On the 30-minute chart, the pair formed a new uptrend and has been rising for four straight days. Moreover, there was almost no fundamental or macroeconomic background, and the pair has grown very strongly in recent weeks. Now we can expect the euro to fall once the pair overcomes the new trend line. And we shouldn't count on the macroeconomic background for help, as the pair should fall on its basis. On the 5-minute chart, it is recommended to trade at the levels 1.0587-1.0607, 1.0692, 1.0737, 1.0792, 1.0857-1.0867, 1.0920-1.0933, 1.0966, 1.0989, 1.1038, 1.1070. As soon as the price passes 15 pips in the right direction, you should set a Stop Loss to breakeven. On Friday, the European Union will release its March inflation report and ECB President Christine Lagarde will also give a speech. One would assume that the pair might fall after those events, but on Thursday, the euro showed that it could easily rise in any environment.
1) The strength of the signal is determined by the time it took the signal to form (a rebound or a breakout of the level). The quicker it is formed, the stronger the signal is.
2) If two or more positions were opened near a certain level based on a false signal (which did not trigger a Take Profit or test the nearest target level), then all subsequent signals at this level should be ignored.
3) When trading flat, a pair can form multiple false signals or not form them at all.
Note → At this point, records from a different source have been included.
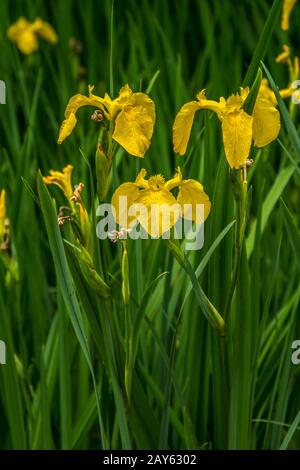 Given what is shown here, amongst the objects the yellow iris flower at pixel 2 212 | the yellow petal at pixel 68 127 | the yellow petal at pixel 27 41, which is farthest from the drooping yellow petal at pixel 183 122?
the yellow petal at pixel 27 41

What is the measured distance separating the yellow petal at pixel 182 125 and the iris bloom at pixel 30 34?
145 centimetres

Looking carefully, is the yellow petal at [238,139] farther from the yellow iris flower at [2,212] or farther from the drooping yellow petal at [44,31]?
the drooping yellow petal at [44,31]

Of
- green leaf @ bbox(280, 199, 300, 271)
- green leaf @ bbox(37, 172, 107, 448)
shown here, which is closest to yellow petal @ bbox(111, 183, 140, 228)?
green leaf @ bbox(37, 172, 107, 448)

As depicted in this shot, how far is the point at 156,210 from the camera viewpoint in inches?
39.5

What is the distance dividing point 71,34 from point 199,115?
0.76 m

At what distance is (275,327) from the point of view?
4.72ft

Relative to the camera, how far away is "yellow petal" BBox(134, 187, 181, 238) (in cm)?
100

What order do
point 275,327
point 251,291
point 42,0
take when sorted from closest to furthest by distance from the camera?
point 251,291 → point 275,327 → point 42,0

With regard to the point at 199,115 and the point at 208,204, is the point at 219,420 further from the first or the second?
the point at 199,115

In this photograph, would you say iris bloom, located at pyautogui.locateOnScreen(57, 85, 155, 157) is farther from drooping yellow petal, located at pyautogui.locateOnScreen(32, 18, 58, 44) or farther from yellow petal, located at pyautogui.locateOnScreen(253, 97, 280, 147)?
drooping yellow petal, located at pyautogui.locateOnScreen(32, 18, 58, 44)

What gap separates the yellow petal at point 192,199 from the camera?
3.34 feet

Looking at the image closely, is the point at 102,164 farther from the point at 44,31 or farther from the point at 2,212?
the point at 44,31

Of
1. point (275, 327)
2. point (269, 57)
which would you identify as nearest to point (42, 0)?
point (269, 57)

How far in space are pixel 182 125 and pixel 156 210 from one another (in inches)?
4.2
In any case, it is better to stop trading at the first sign of a flat movement.
4) Trades should be opened in the period between the start of the European session and the middle of the US trading hours when all positions must be closed manually.
5) You can trade using signals from the MACD indicator on the 30-minute time frame only amid strong volatility and a clear trend that should be confirmed by a trendline or a trend channel.
6) If two levels are located too close to each other (from 5 to 15 pips), they should be considered support and resistance levels.
Support and Resistance levels are the levels that serve as targets when buying or selling the pair. You can place Take Profit near these levels.
Red lines are channels or trend lines that display the current trend and show in which direction it is better to trade now.
The MACD indicator (14, 22, and 3) consists of a histogram and a signal line. When they cross, this is a signal to enter the market. It is recommended to use this indicator in combination with trend patterns (channels and trendlines).
Important announcements and economic reports that can be found on the economic calendar can seriously influence the trajectory of a currency pair. Therefore, at the time of their release, we recommend trading as carefully as possible or exiting the market in order to avoid sharp price fluctuations.
Beginners on Forex should remember that not every single trade has to be profitable. The development of a clear strategy and money management is the key to success in trading over a long period of time.